TAP to SHACL example

Last week I posted Application Profile to Validation with TAP to SHACL about converting a DCMI Tabular Application Profile (DC TAP) to SHACL in order to validate instance data. I ended by saying that I needed more examples in order to test that it worked: that is, not only check that the SHACL is valid, but also that validates / raises errors as expected when used with instance data.

SHACL Person Example

Here’s a simple example of a person and their employer, drawn from the example used in the SHACL spec. The TAP for this only has three lines:

Line 1: Person data may have zero or one ex:ssn property for Social Security Number, which must be a string matching the regular expression for nnn-nn-nnnn (n = any digit)

Line 2: Person data may have zero or more ex:worksFor properties with an IRI referencing a node that matches the CompanyShape.

Line 3: Company data must have one and only one occurrence of the rdf:type property with the value ex:Company (or equivalent IRI).

And the extended TAP Shapes csv has two:

Line 1: nodes of class ex:Person must match the PersonShape, which is closed, though any occurrence of rdf:type is ignored, any failure to match is a Violation of the application profile.

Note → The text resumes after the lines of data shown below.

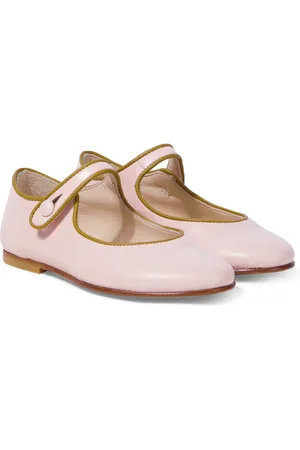 BONPOINT Bailarinas Mary Jane Ella de piel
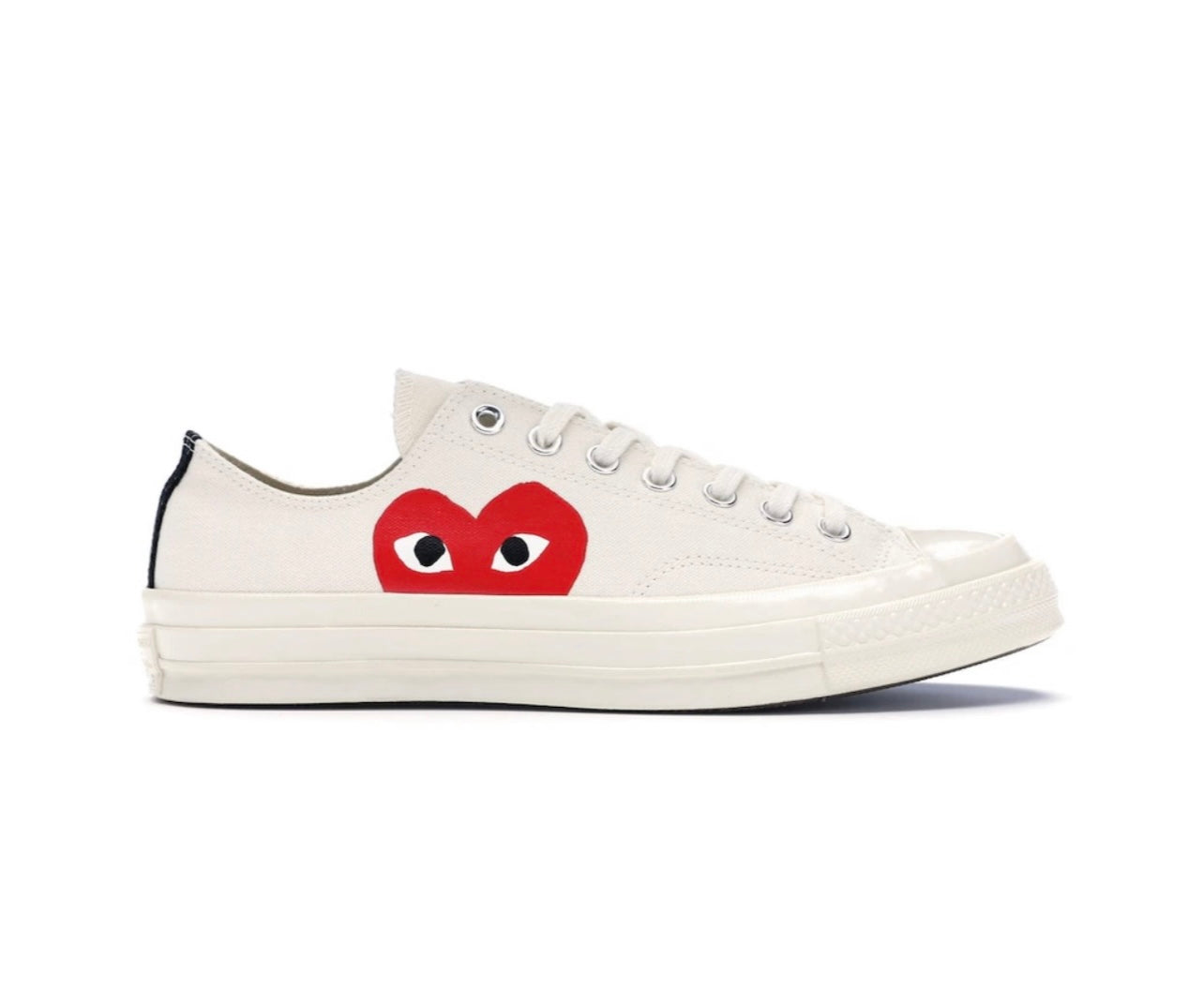 converse comme des gerson low white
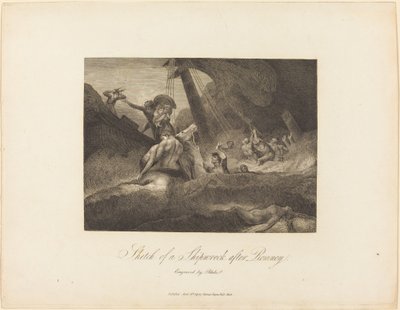 Luonnos haaksirikosta tekijältä William Blake after George Romney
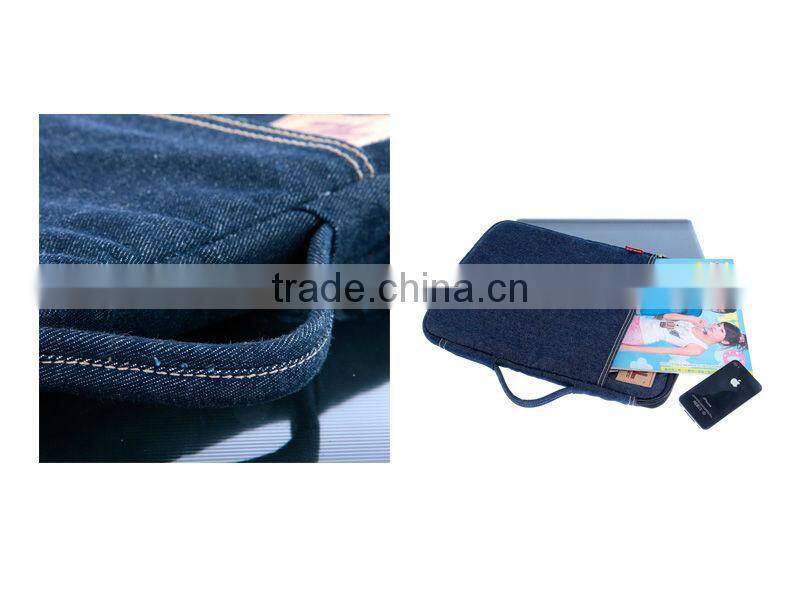 Denim Material Fashion Portable Laptop Bag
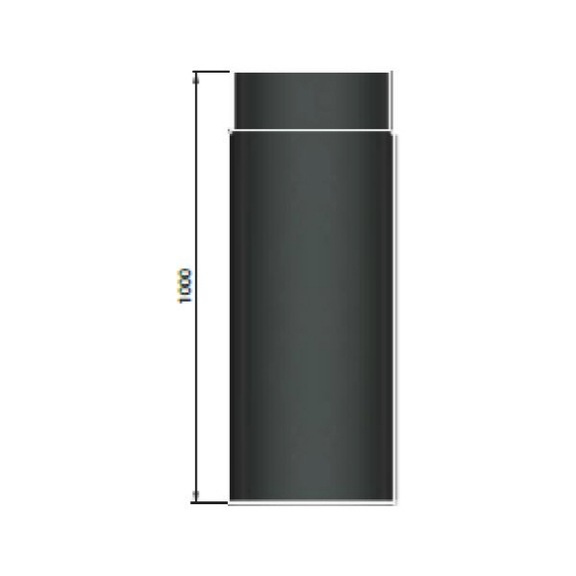 ROHRELEMENT Ø 150 - L. 500 - NERO LIVING - ROHRELEMENT-Ø-150-L.-500-NERO-LIVING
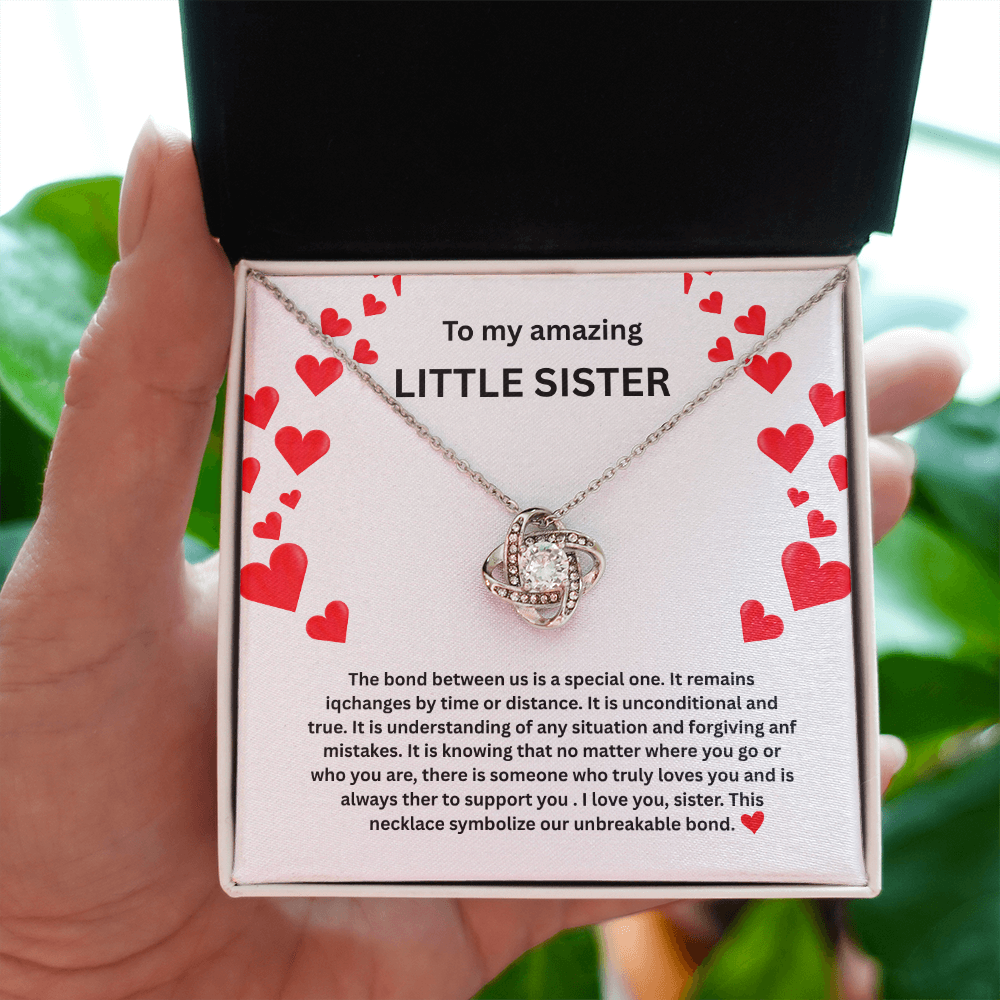 Little sister Love Knot Necklace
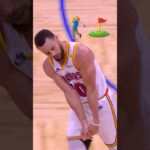 Steph broke out the golf swing celly after his 9th made three 🔥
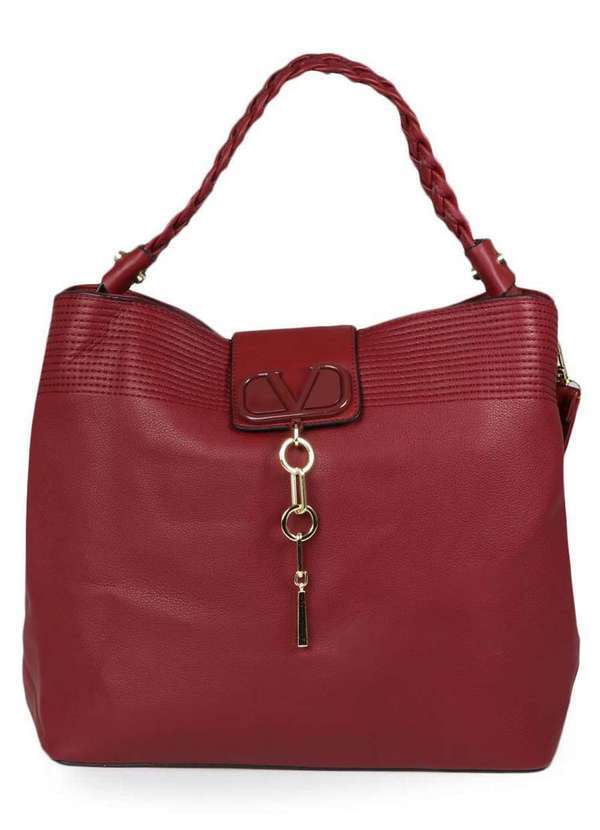 Lace Lore - Bolsa Saco Feminina Lace Lore Mini Argolas Vermelho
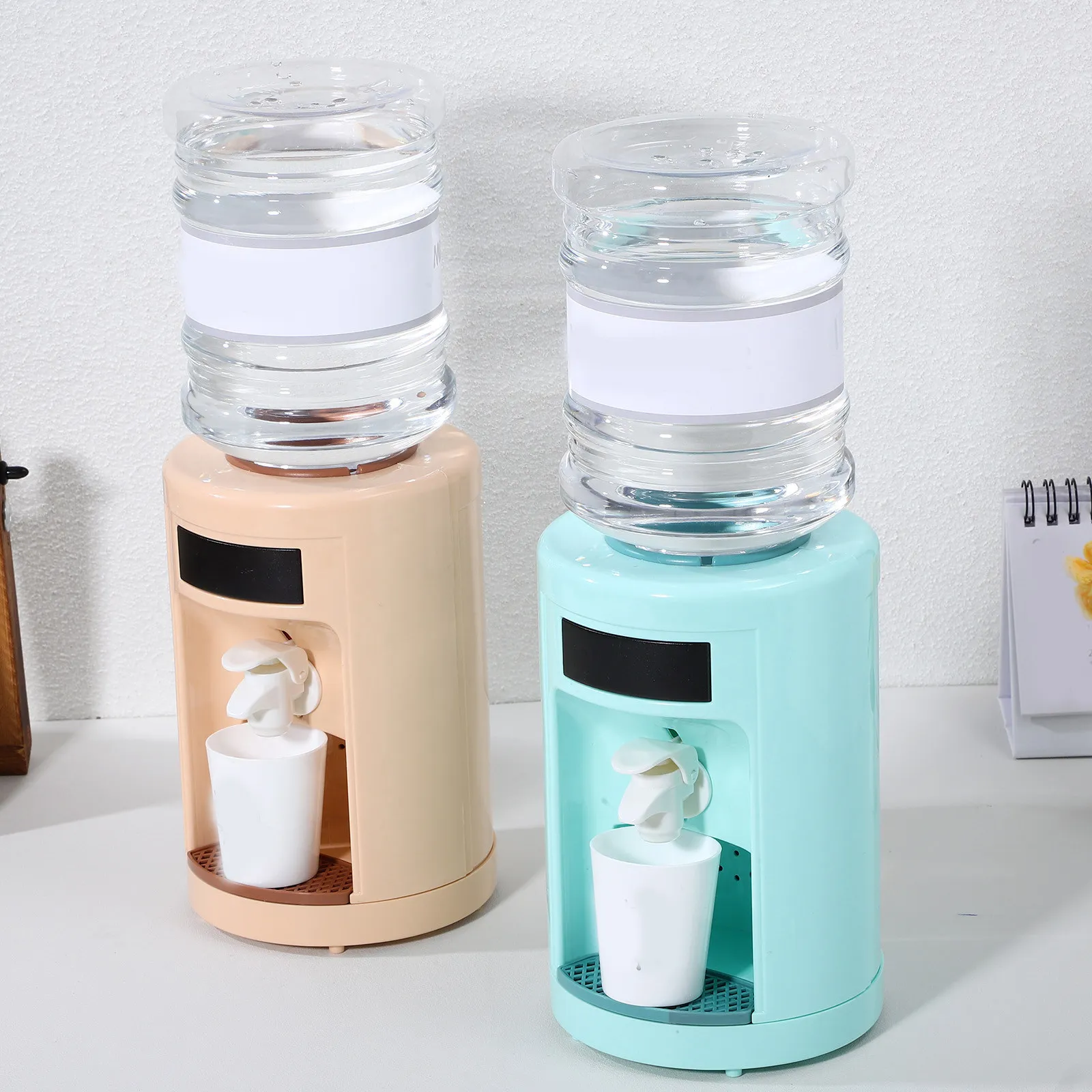 2pcs-mini-water-dispenser-realistic-small-kitchen-playtime-set-for-kids-pretend-play-and-hand-eye-coordination-development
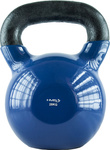 Kettlebell żeliwny pokryty winylem HMS KNV28 niebieski 28 kg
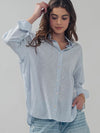 Put It Plainly Button Up in Blue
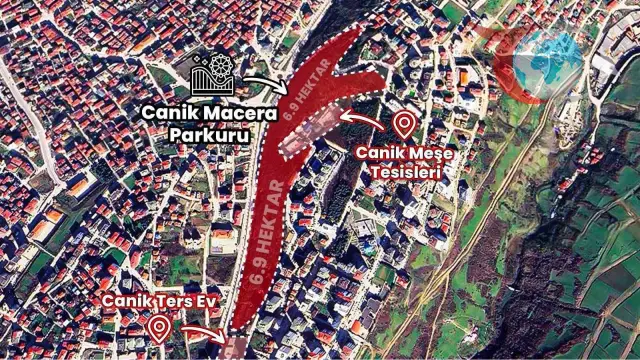 Samsun’un Canik ilçesinde dev macera parkı inşa ediliyor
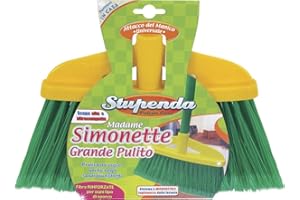 La Briantina Escoba para Interiores, PVC, Multicolor, 21 x 30 x 5 cm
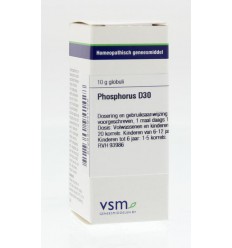 VSM Phosphorus D30 10 gram globuli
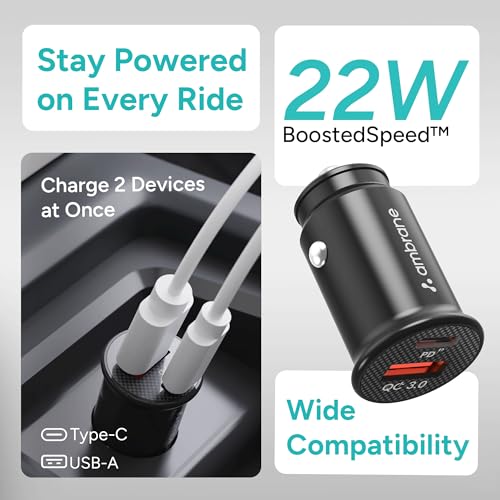 Ambrane 22W Fast Car Charger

Line 2: object nodes of the ex:worksFor property must match the CompanyShape, which is open, any failure to match is a Violation of the application profile.

The SHACL produced is

# SHACL generated by python AP to shacl converter
@base <http://example.org/> .
@prefix ex: <http://example.org/> .
@prefix rdf: <http://www.w3.org/1999/02/22-rdf-syntax-ns#> .
@prefix sh: <http://www.w3.org/ns/shacl#> .
@prefix xsd: <http://www.w3.org/2001/XMLSchema#> .

<PersonShape> a sh:NodeShape ;
    sh:closed true ;
    sh:description "Node shape for person class"@en ;
    sh:ignoredProperties ( rdf:type ) ;
    sh:name "Person Shape"@en ;
    sh:property <personshapeEmployer>,
        <personshapeSocialSecurityNumber> ;
    sh:targetClass <Person> .

<CompanyShape> a sh:NodeShape ;
    sh:class <Company> ;
    sh:closed false ;
    sh:description "Shape for employers"@en ;
    sh:name "Employer"@en ;
    sh:targetObjectsOf <woksFor> .

<personshapeEmployer> a sh:PropertyShape ;
    sh:name "Employer"@en-US ;
    sh:node <CompanyShape> ;
    sh:nodeKind sh:IRI ;
    sh:path <worksFor> .

<personshapeSocialSecurityNumber> a sh:PropertyShape ;
    sh:datatype xsd:string ;
    sh:maxCount 1 ;
    sh:name "Social Security Number"@en-US ;
    sh:nodeKind sh:Literal ;
    sh:path <ssn> ;
    sh:pattern "^\\d{3}-\\d{2}-\\d{4}$" .

Results

This isn’t the same SHACL as in the spec, but when used with instance data (sample data in github, three are invalid taken from the spec, and one is valid data) in the Join-up itb SHACL validator it gives the same result as expected:

screen shot of validation results for RDF data showing two erros.

I had to make one change to the program to get this working, adding an “ignore props” column to the shape information sheet, which is then processed into sh:ignoredProperties.

I guess it is worth noting that the SHACL generated from tap2shacl is always more verbose than hand written examples: some defaults are always explicit, and property shapes are always identified objects in their own block rather than bnodes in the NodeShape. That can make the output less human readable. Also, as I currently re-use property shapes that recur on different node shapes, there can be unnecessary repetition. There is a mechanism in TAP for setting “defaults” which might be useful when, say, all instances of dct:description must follow the same rules whatever class they are used on.

My next example will (hopefully) be based on a well known real-world application profile; a lot longer, and introducing some more complex rules. Watch this space.